◆ Work to complete
Return only the line containing "this 854×480 image." and each line after it, exactly as written, through the end of the records.

◆ Information given
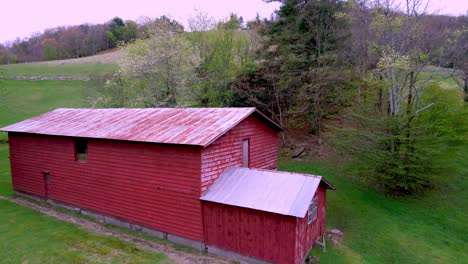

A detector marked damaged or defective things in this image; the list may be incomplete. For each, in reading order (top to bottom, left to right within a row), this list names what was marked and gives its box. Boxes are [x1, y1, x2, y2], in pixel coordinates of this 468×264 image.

rusted metal roof [0, 108, 282, 147]
rusted metal roof [199, 167, 334, 217]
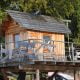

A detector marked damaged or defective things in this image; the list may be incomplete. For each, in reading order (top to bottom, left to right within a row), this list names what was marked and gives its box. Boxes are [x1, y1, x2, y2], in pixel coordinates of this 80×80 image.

rusty metal roof [5, 10, 70, 33]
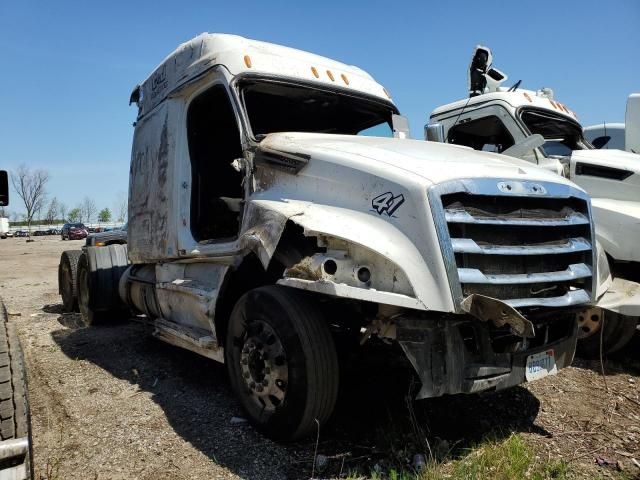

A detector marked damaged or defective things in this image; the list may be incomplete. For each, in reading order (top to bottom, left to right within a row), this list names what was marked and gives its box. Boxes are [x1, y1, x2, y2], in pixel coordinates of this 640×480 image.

another damaged truck [63, 32, 604, 438]
wrecked truck [65, 32, 604, 438]
damaged white semi-truck [62, 32, 608, 438]
front bumper damage [398, 302, 576, 400]
wrecked truck [424, 46, 640, 356]
another damaged truck [424, 46, 640, 356]
damaged white semi-truck [424, 46, 640, 356]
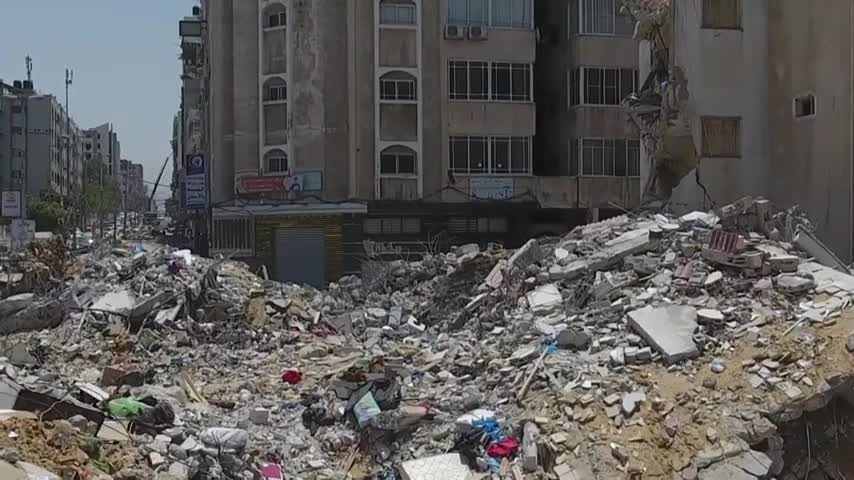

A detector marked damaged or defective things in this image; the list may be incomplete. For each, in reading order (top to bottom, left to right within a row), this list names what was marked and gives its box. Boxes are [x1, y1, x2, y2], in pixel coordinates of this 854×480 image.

damaged apartment building [192, 0, 648, 284]
shattered window [704, 117, 744, 158]
damaged apartment building [624, 0, 854, 262]
broken wall [768, 0, 854, 262]
broken concrete slab [624, 308, 700, 364]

◆ Solution to the exercise
A detector marked damaged or defective things in this image; the list may be incomplete. For each, in reading order (top to bottom, left to right within a row), this list names what was marked and gives its box. Boxes are [x1, y1, x2, y2], in pixel coordinates of this 854×480 image.

damaged apartment building [192, 0, 648, 284]
shattered window [704, 117, 744, 158]
damaged apartment building [624, 0, 854, 262]
broken wall [768, 0, 854, 262]
broken concrete slab [624, 308, 700, 364]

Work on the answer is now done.